● SOURCE DATA:

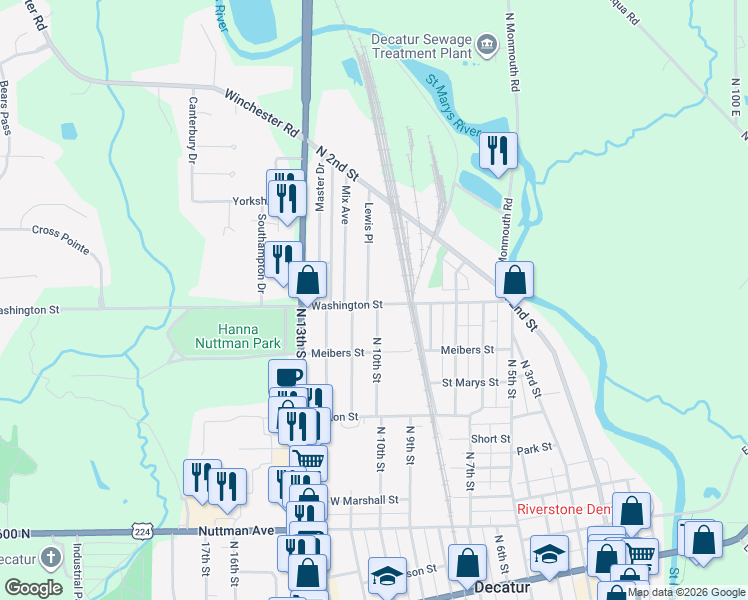map of restaurants, bars, coffee shops, grocery stores, and more near 1026 Lewis Place in Decatur
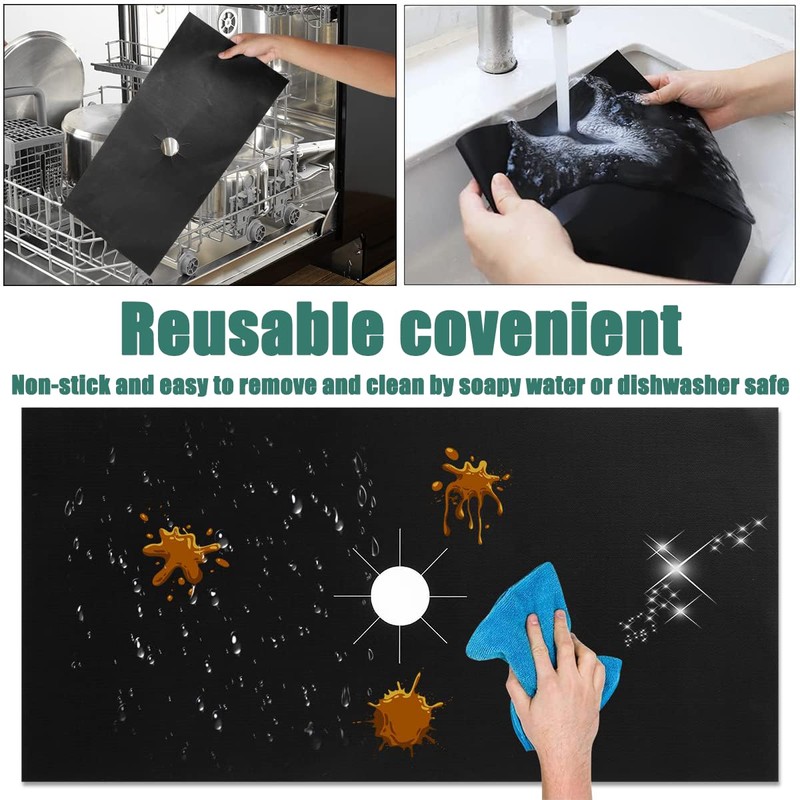 3-Piece Set of Gas Stove Guards, Easy-Clean and Reusable Stove
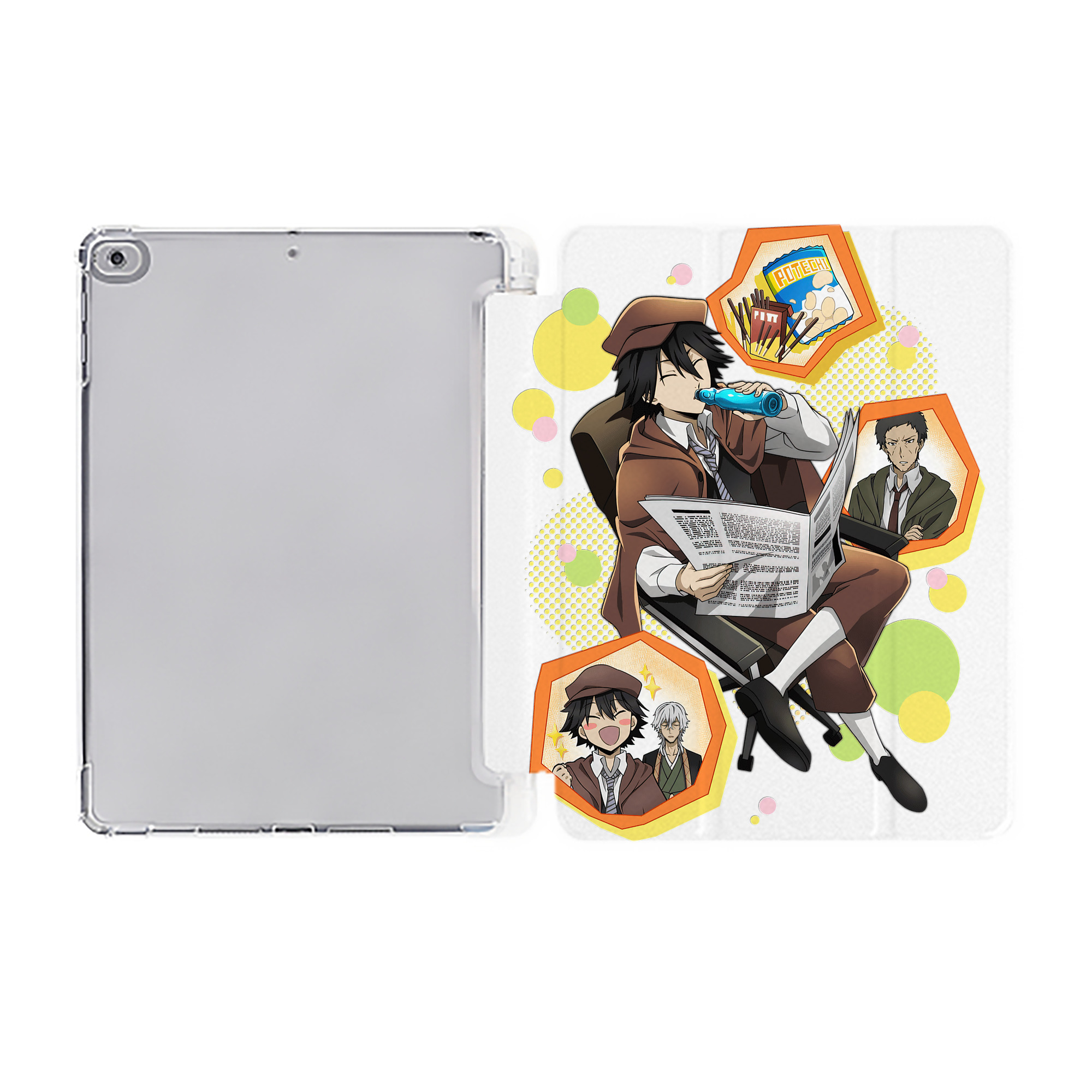 （画像用） 文豪ストレイドッグス Bungo Stray Dogs IPad ケース ペン収納付き 三つ折りスタンド PUレザー×シリコン 対応機種9.5/10.5/10.9インチ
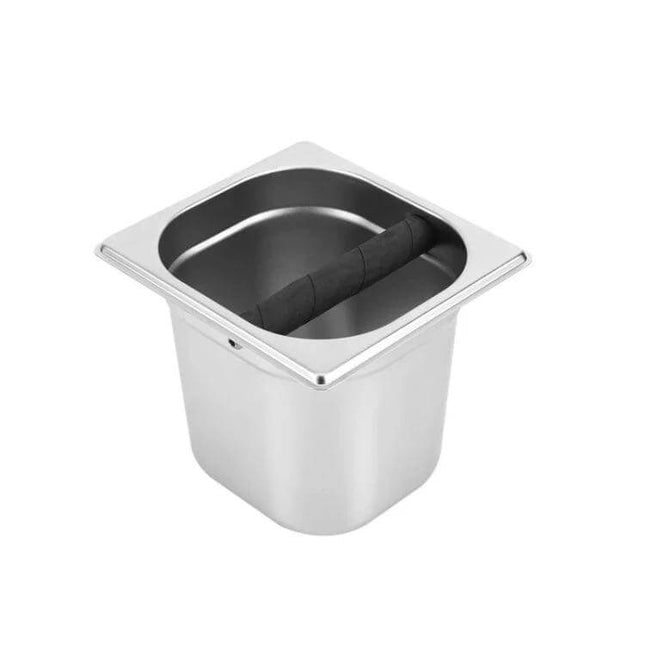 Stainless Steel Coffee Grounds Bucket Large For Cafes Bars And Tea Shops - dual-basin stainless steel espresso knock box with padded bar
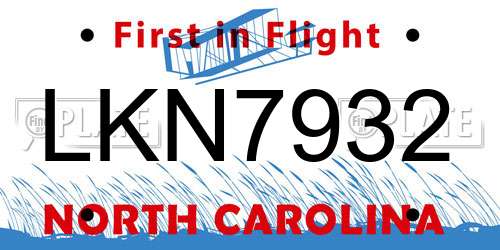 LKN7932 North Carolina License Plate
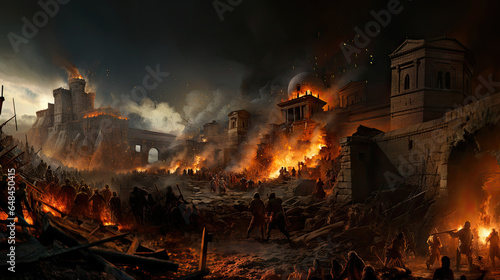 Ruins of the old city at night. Fight of Second Punic War.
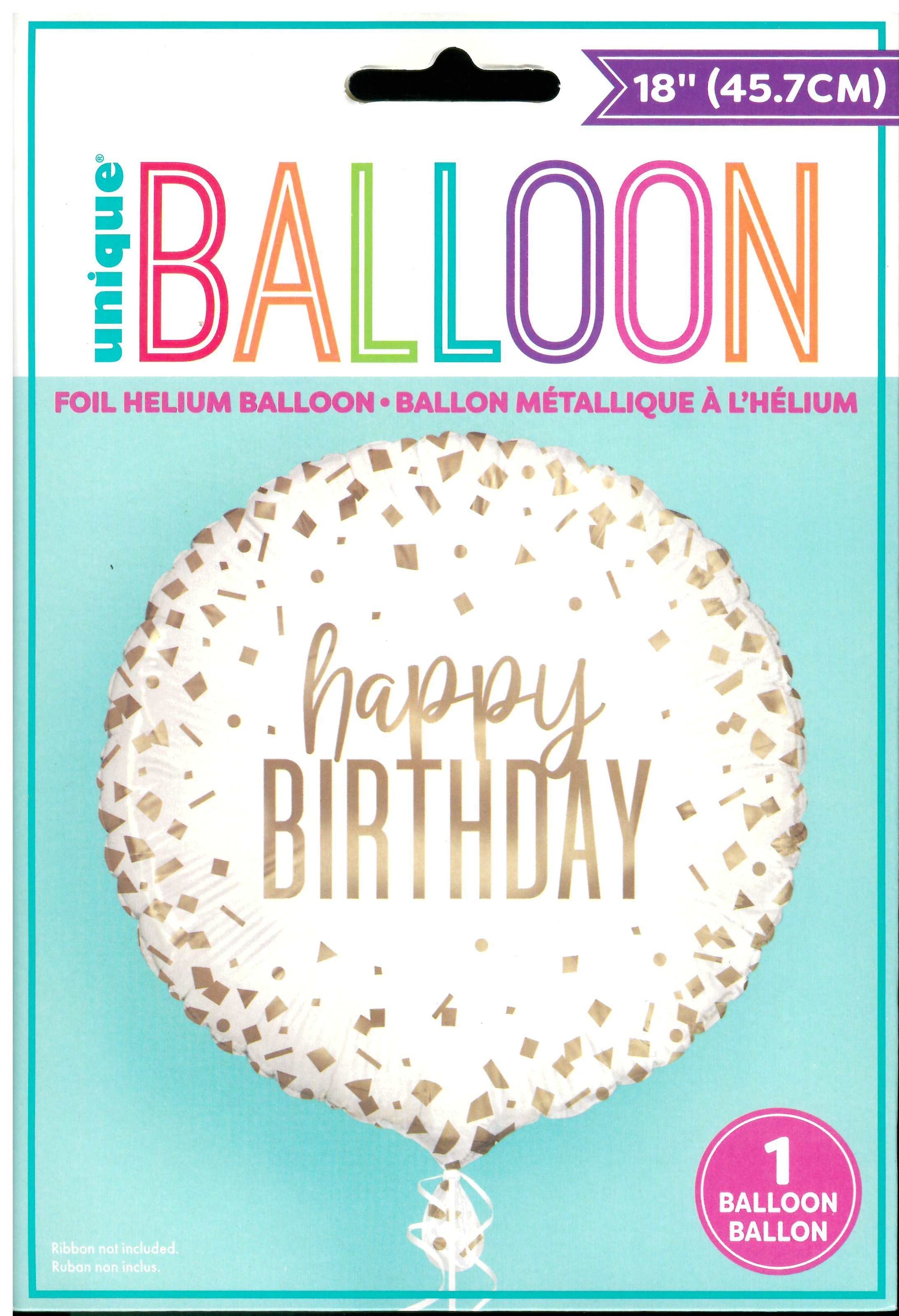 UNIQUE GOLD CONFETTI HAPPY BIRTHDAY ROUND FOIL BALLOON 18". UNI78447 \\\KD32688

● DIRECTIONS: Copy exactly the lines from the one containing "Stainless Steel Coffee" through the final line of the records above, both included, and leave out any pictures.

● RESPONSE:
 Stainless Steel Coffee Grounds Bucket Large For Cafes Bars And Tea Shops - dual-basin stainless steel espresso knock box with padded bar
 LKN7932 North Carolina License Plate
 Ruins of the old city at night. Fight of Second Punic War.
 UNIQUE GOLD CONFETTI HAPPY BIRTHDAY ROUND FOIL BALLOON 18". UNI78447 \\\KD32688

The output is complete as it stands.